Sheu Chau-Chyun, Chang Ya-Ting, Lin Shang-Yi, Chen Yen-Hsu, Hsueh Po-Ren
Division of Pulmonary and Critical Care Medicine, Department of Internal Medicine, Kaohsiung Medical University Hospital, Kaohsiung, Taiwan.
School of Medicine, Sepsis Research Institute, Graduate Institute of Medicine, Graduate Institute of Clinical Medicine, Center of Dengue Fever Control and Research, College of Medicine, Kaohsiung Medical University, Kaohsiung, Taiwan.
Front Microbiol. 2019 Jan 30;10:80. doi: 10.3389/fmicb.2019.00080. eCollection 2019.

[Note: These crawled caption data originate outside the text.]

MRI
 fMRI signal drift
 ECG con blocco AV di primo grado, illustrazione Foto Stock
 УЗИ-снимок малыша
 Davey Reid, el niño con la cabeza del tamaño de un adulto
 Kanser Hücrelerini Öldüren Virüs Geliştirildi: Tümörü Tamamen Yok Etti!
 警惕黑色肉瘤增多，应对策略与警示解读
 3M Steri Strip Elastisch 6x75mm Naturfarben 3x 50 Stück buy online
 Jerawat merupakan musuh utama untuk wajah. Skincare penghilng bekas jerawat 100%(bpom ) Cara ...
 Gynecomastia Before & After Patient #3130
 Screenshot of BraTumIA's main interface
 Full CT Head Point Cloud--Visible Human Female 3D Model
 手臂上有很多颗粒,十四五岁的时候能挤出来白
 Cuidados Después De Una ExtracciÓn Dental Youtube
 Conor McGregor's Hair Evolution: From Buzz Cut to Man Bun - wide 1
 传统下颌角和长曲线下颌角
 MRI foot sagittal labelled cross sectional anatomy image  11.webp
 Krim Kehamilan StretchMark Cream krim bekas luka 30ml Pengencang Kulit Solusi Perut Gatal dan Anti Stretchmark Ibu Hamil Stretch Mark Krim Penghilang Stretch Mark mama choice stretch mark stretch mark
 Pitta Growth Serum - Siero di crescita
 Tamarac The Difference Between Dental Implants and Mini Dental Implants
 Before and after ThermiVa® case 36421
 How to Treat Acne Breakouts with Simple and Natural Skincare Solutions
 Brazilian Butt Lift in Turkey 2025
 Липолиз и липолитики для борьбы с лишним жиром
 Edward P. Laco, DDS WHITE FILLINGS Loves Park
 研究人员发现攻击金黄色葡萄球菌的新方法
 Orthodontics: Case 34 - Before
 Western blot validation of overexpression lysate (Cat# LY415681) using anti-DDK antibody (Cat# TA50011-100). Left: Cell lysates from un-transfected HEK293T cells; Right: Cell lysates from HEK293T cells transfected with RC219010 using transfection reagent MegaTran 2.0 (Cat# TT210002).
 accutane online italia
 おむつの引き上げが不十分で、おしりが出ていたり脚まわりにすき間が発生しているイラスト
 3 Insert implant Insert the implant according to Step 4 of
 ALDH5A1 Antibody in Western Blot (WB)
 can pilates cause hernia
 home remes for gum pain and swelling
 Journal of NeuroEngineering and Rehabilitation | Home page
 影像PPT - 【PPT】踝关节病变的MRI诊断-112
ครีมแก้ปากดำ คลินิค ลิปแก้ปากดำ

Carbapenems are considered as last-resort antibiotics for the treatment of infections caused by multidrug-resistant Gram-negative bacteria. With the increasing use of carbapenems in clinical practice, the emergence of carbapenem-resistant pathogens now poses a great threat to human health. Currently, antibiotic options for the treatment of carbapenem-resistant (CRE) are very limited, with polymyxins, tigecycline, fosfomycin, and aminoglycosides as the mainstays of therapy. The need for new and effective anti-CRE therapies is urgent. Here, we describe the current understanding of issues related to CRE and review combination therapeutic strategies for CRE infections, including high-dose tigecycline, high-dose prolonged-infusion of carbapenem, and double carbapenem therapy. We also review the newly available antibiotics which have potential in the future treatment of CRE infections: ceftazidime/avibactam, which is active against KPC and OXA-48 producers; meropenem/vaborbactam, which is active against KPC producers; plazomicin, which is a next-generation aminoglycoside with activity against CRE; and eravacycline, which is a tetracycline class antibacterial with activity against CRE. Although direct evidence for CRE treatment is still lacking and the development of resistance is a concern, these new antibiotics provide additional therapeutic options for CRE infections. Finally, we review other potential anti-CRE antibiotics in development: imipenem/relebactam and cefiderocol. Currently, high-dose and combination strategies that may include the new β-lactam/β-lactamase inhibitors should be considered in severe CRE infections to maximize treatment success. In the future, when more treatment options are available, therapy for CRE infections should be individualized and based on molecular phenotypes of resistance, susceptibility profiles, disease severity, and patient characteristics. More high-quality studies are needed to guide effective treatment for infections caused by CRE.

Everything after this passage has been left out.